# Anyone been doing any creek fishing in SE Ohio area ?



## FloridaFishTransplant (Jun 15, 2005)

We have been gone for several months and will be coming back soon and wonder if there has been any luck creek fishing the small cold waters latley ? Got a day in after christmas and did pretty good using small bettle spins.


----------



## redhotbuzz (Dec 2, 2004)

Next time you go (which may be awhile with this cold front movin in) try a chartruese baby booyah with dbl willow blades. Did good with them before Christmas..


----------



## FloridaFishTransplant (Jun 15, 2005)

Yeah , either way looks like we are stuck here in Virginia to the end of the month. I want to wet lines so bad right now. Do you target smalles with that booyah or does it produce a little of everything ?


----------



## maynard (May 19, 2007)

what cricks do you target for smallies? i've heard that captina and sunfish are chock full, but never had any luck. i've fished duck quite a few times and the little muskingum once, and they're decent. other than that i don't know of any other smallie cricks in SE ohio


----------



## redhotbuzz (Dec 2, 2004)

Maynard I live in Jefferson Co so I dont know if its Northeast or Southeast ..........But damn if you know Captina my Son and I would love to fish it with ya,,, we'll show ya how get them pesky smallies........FFT booyahs in the spring before the craws come out.... smallies and spots in my Creek


----------



## ohiogary (Dec 14, 2006)

Id be interested in doing some creek fishing, I didnt know the small mouths would be hitting, Id like to learn more about this subject.
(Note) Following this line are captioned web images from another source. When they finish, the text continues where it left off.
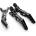 BraveHead Big Jawclips 3-Part Black 14 cm 4 ks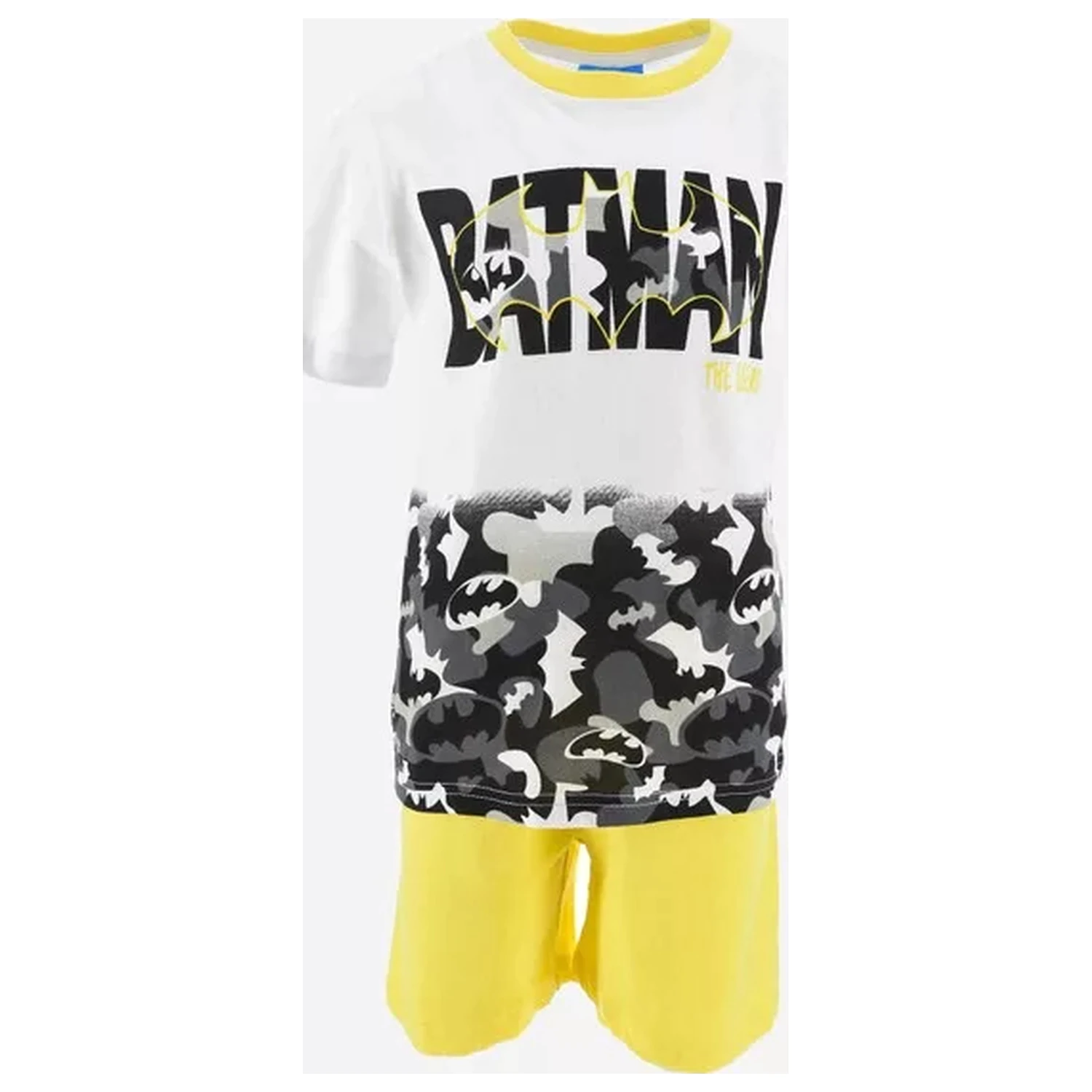 Batman Shadow Yellow pijamale scurte pentru copii poza produsului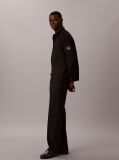 Black Cotton Twill Utility Overshirt  Men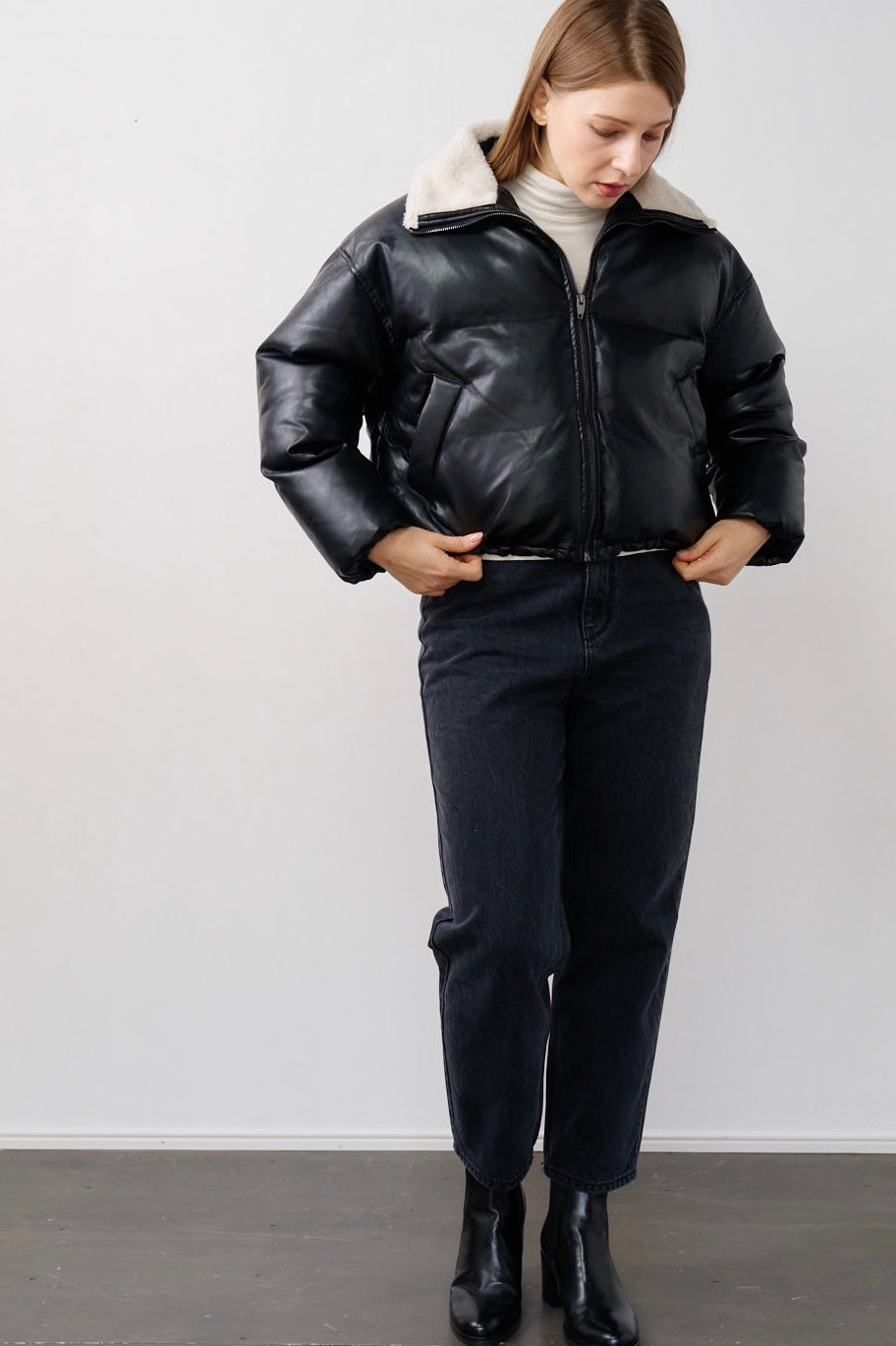 レザーダウンジャケット – DALI GOAT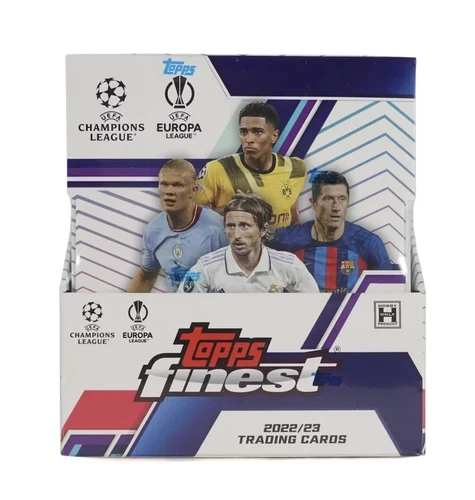 2022-23 Topps Finest UEFA Club Competition Soccer HOBBY Box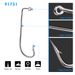 PRO BEROS Brand Fishing Gear Soft Worm With Barbed Fish Hooks 100 Pieces/Pack Bulk High Carbon Steel_desvips.com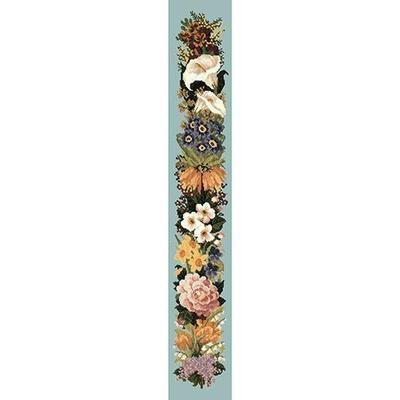 Easter Bell Pull Needlepoint Kit Kits Elizabeth Bradley Design Pale Blue 
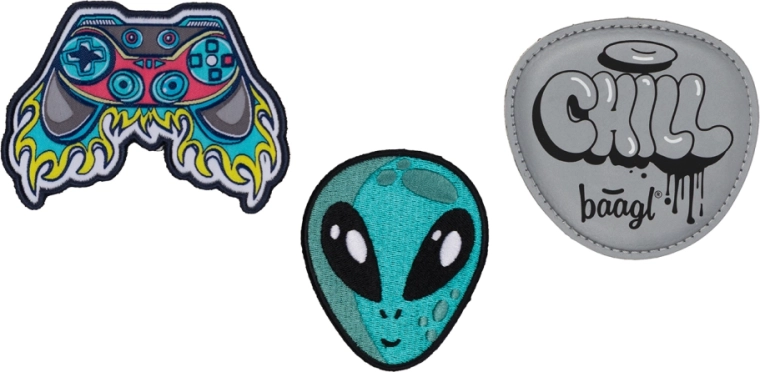 Badges interchangeables BAAGL Baaglies – set Chill, 3 pcs
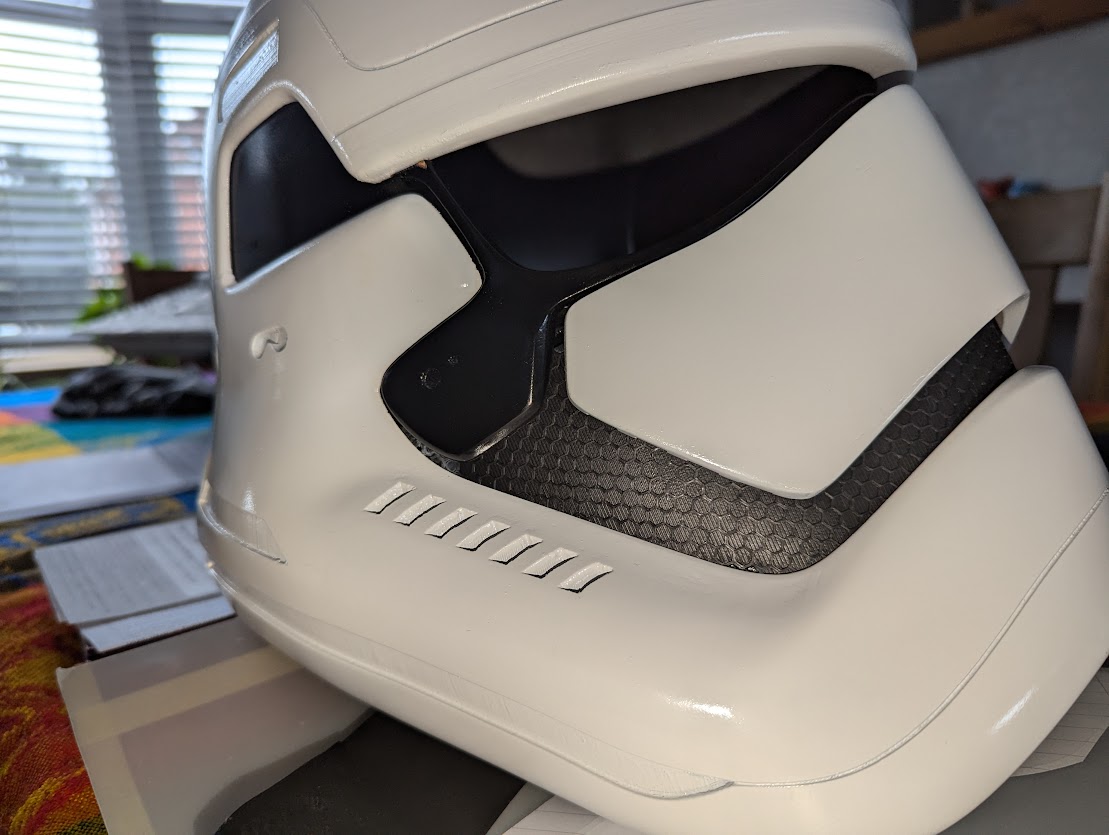 First Order Helmet Grill 3D model thumbnail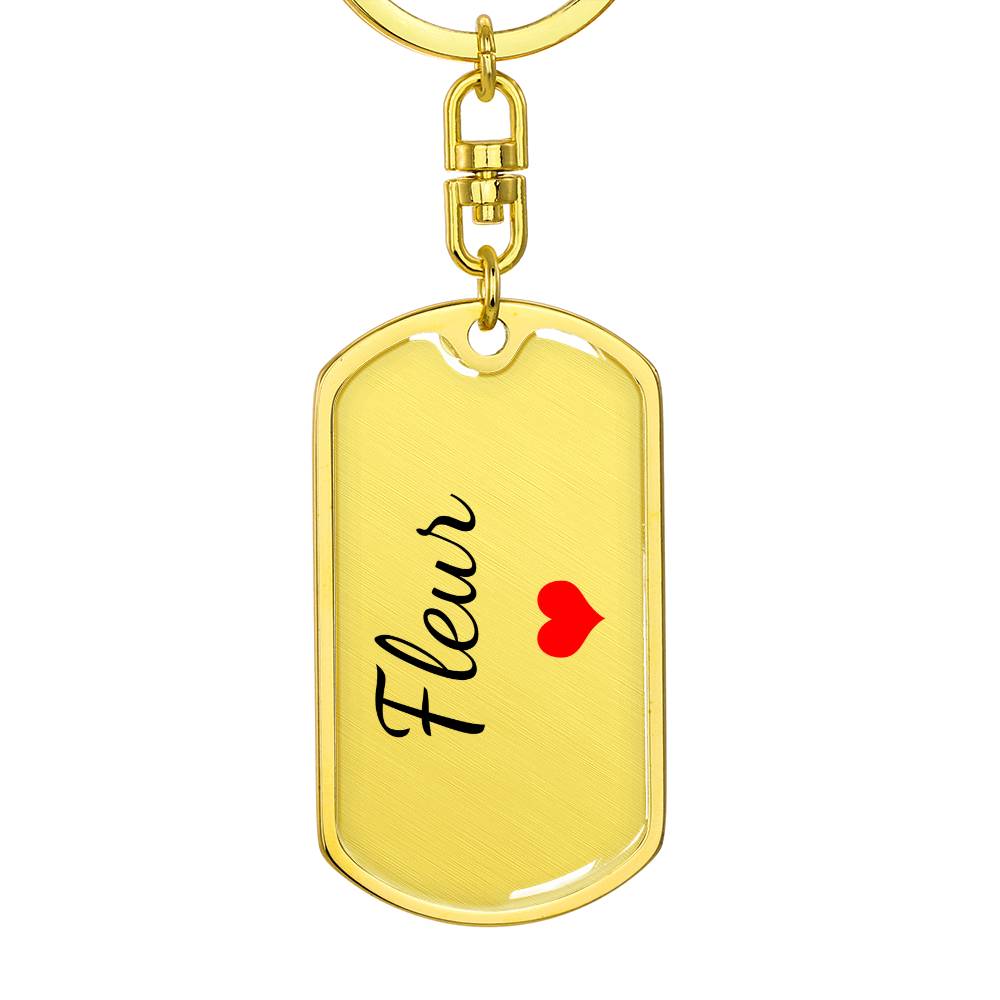 Fleur Keychain – Custom Name Keychain for Women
I live in Belmont county.


----------



## Scrabbley (Feb 13, 2008)

I know the Captina is really good for small mouth.


----------



## Klinger (Nov 15, 2006)

I'm also new to the southeast area and am looking for some decent creek smallie fishing. Especially in the Hocking area. I know the Hocking River is great but where else can I do some wading? Because of the strip mining I know that many creeks are sterile. Any suggestions from any of you creek waders?


----------



## redhotbuzz (Dec 2, 2004)

Dont know to much about that part of the State ,,,,,,,,, maybe this link will help.....http://www.dnr.state.oh.us/watercraft/boat/tabid/2306/default.aspx.......


----------



## natewest (Feb 17, 2008)

I have done shocking surveys with columbus metro parks on Big Darby Creek. We sampled 3 times over summer of 2007 and every time we sampled in a deep hole with big stones as substrate we pulled very nice smallies out. There are many access points to the creek from battelle darby metro park which is located about 20 minutes south-west of columbus.


----------



## JignPig Guide (Aug 3, 2007)

Klinger said:


> I'm also new to the southeast area and am looking for some decent creek smallie fishing. Especially in the Hocking area. I know the Hocking River is great but where else can I do some wading? Because of the strip mining I know that many creeks are sterile. Any suggestions from any of you creek waders?


Hey Klinger,
If you can find Bremen Ohio then you can find Rushcreek. About 15 -years ago I used to park near the intersection of St. Rt. 37 & St. Rt. 664 and wade Rushcreek with friends and my sons. You can go for miles! You'll catch plenty of smallies & plenty of panfish. Make sure you take mosquito spray!!!

Jignpig out...


----------



## I_WALL_I (Apr 27, 2006)

Lots of smallies in the Walhonding upriver from Coshocton- good area to wade, but a little bigger than your standard creek... nothing like a 3# smallie on an ultralite in moving water...


----------



## Guest (Feb 18, 2008)

I tried to wade The Hocking yesterday and about got swept away.


----------



## Klinger (Nov 15, 2006)

Thanks for the tips guys. JignPig, I know where the Bremen area is. I'll definitely be scouting out Rush Creek while old man winter is still with us.


----------



## redhotbuzz (Dec 2, 2004)

I_WALL_I said:


> Lots of smallies in the Walhonding upriver from Coshocton- good area to wade, but a little bigger than your standard creek... nothing like a 3# smallie on an ultralite in moving water...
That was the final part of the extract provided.